WHAT THIS TASK INVOLVES
The result should be the listing below restated word for word, with images left out.

DATA PROVIDED
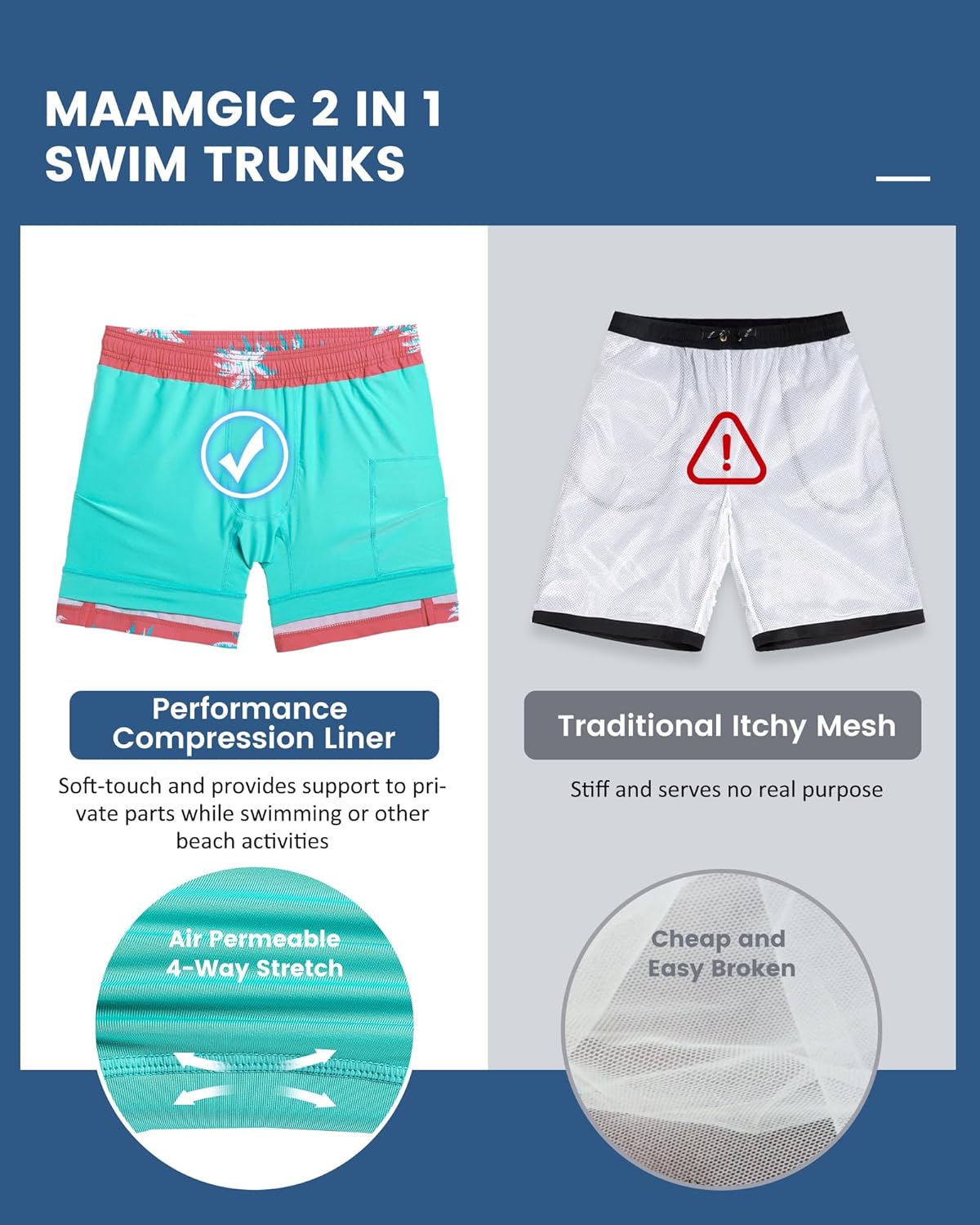 Thumbnail 4 de Maamgic Men’s 5-Inch Stretch Swimming Shorts with Compression Liner (Swim Trunks)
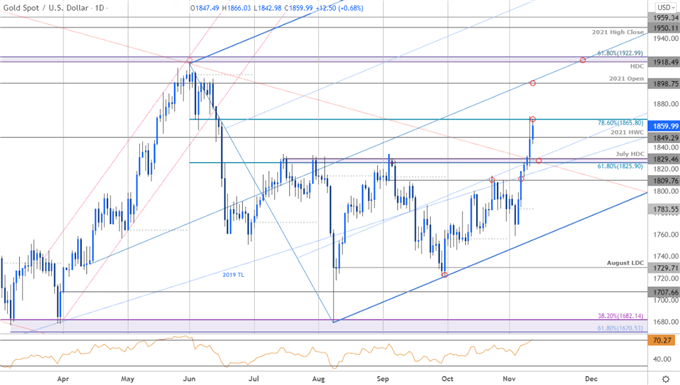 نمودار قیمت طلا - XAU/USD روزانه - چشم انداز تجارت GLD - پیش بینی فنی GC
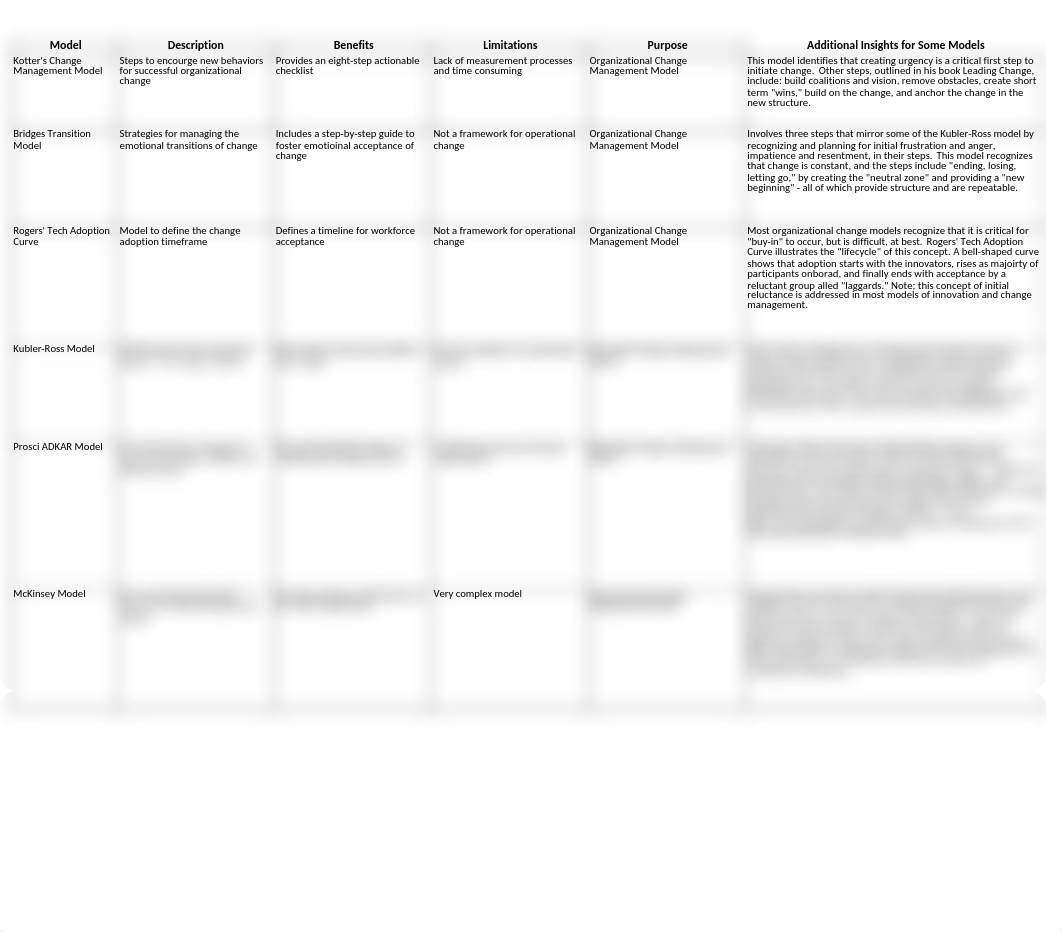 BUS-470-RS-Change Management Matrix.xlsx_dhzkpyrvhwv_page1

OUTPUT OF THE TASK
 Thumbnail 4 de Maamgic Men’s 5-Inch Stretch Swimming Shorts with Compression Liner (Swim Trunks)
 نمودار قیمت طلا - XAU/USD روزانه - چشم انداز تجارت GLD - پیش بینی فنی GC
 BUS-470-RS-Change Management Matrix.xlsx_dhzkpyrvhwv_page1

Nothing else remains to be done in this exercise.